**HOW TO COMPLETE THIS TASK**
What should come back is the data below, word for word, minus any picture.
##### THE DATA
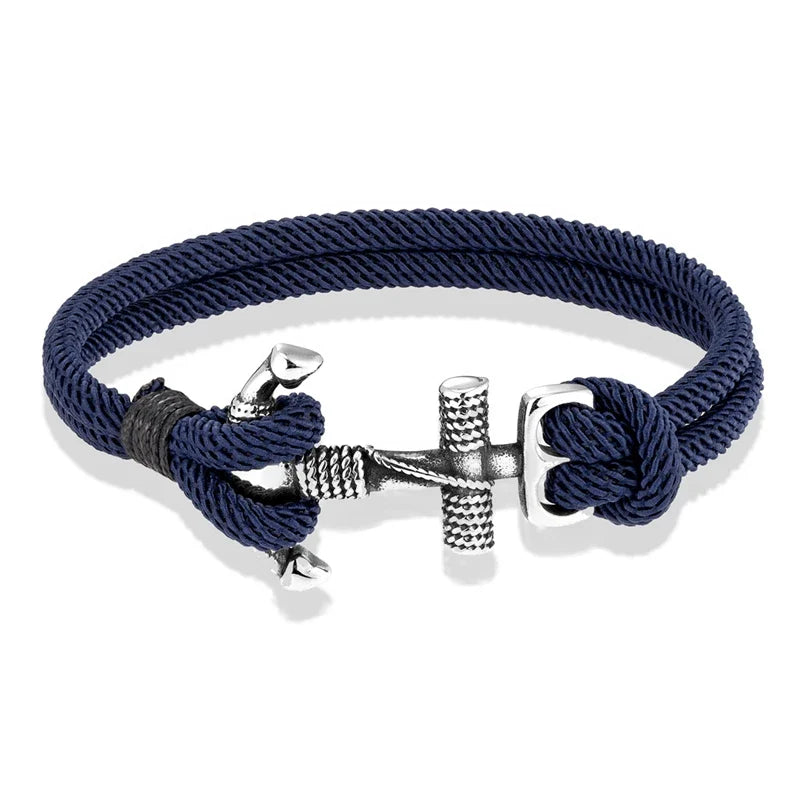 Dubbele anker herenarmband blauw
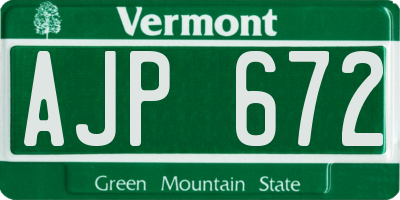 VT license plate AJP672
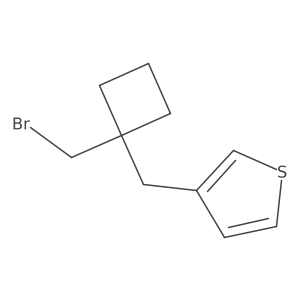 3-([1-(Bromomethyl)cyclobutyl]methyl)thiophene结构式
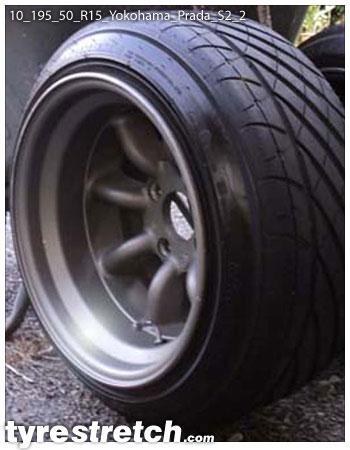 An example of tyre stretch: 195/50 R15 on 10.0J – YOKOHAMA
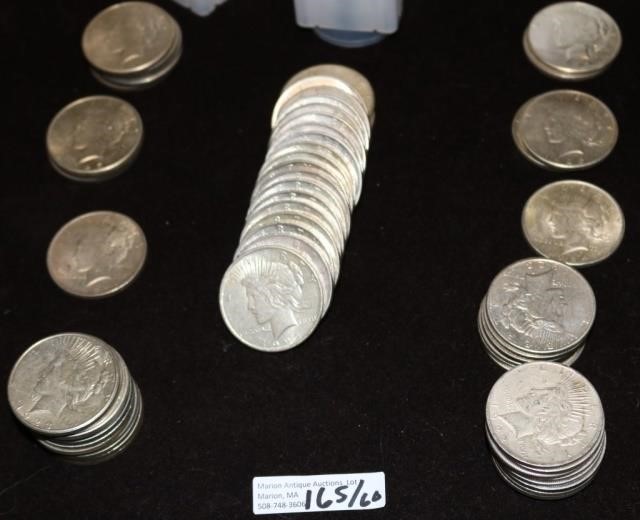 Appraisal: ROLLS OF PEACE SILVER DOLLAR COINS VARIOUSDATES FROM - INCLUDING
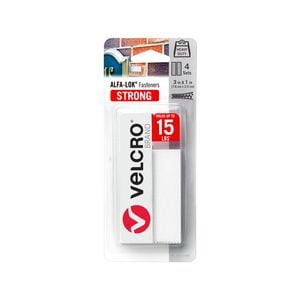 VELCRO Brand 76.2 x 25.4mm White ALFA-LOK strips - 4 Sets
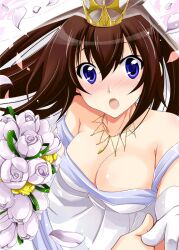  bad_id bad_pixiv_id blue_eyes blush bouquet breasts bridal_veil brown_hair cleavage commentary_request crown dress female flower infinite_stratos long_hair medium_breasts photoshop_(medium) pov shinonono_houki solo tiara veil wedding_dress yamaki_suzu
##########
**ANSWER SPACE**
 Dubbele anker herenarmband blauw
 VT license plate AJP672
 3-([1-(Bromomethyl)cyclobutyl]methyl)thiophene结构式
 An example of tyre stretch: 195/50 R15 on 10.0J – YOKOHAMA
 Appraisal: ROLLS OF PEACE SILVER DOLLAR COINS VARIOUSDATES FROM - INCLUDING
 VELCRO Brand 76.2 x 25.4mm White ALFA-LOK strips - 4 Sets
  bad_id bad_pixiv_id blue_eyes blush bouquet breasts bridal_veil brown_hair cleavage commentary_request crown dress female flower infinite_stratos long_hair medium_breasts photoshop_(medium) pov shinonono_houki solo tiara veil wedding_dress yamaki_suzu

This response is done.